Task item:
Report only the number of lines in the records that contain the word "Photo".

Short text fragments from websites:
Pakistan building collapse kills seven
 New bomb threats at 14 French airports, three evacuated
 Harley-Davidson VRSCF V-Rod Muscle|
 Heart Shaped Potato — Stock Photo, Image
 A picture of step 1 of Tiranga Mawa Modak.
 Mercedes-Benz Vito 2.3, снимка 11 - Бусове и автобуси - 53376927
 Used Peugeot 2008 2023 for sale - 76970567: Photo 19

Answer for the task:
2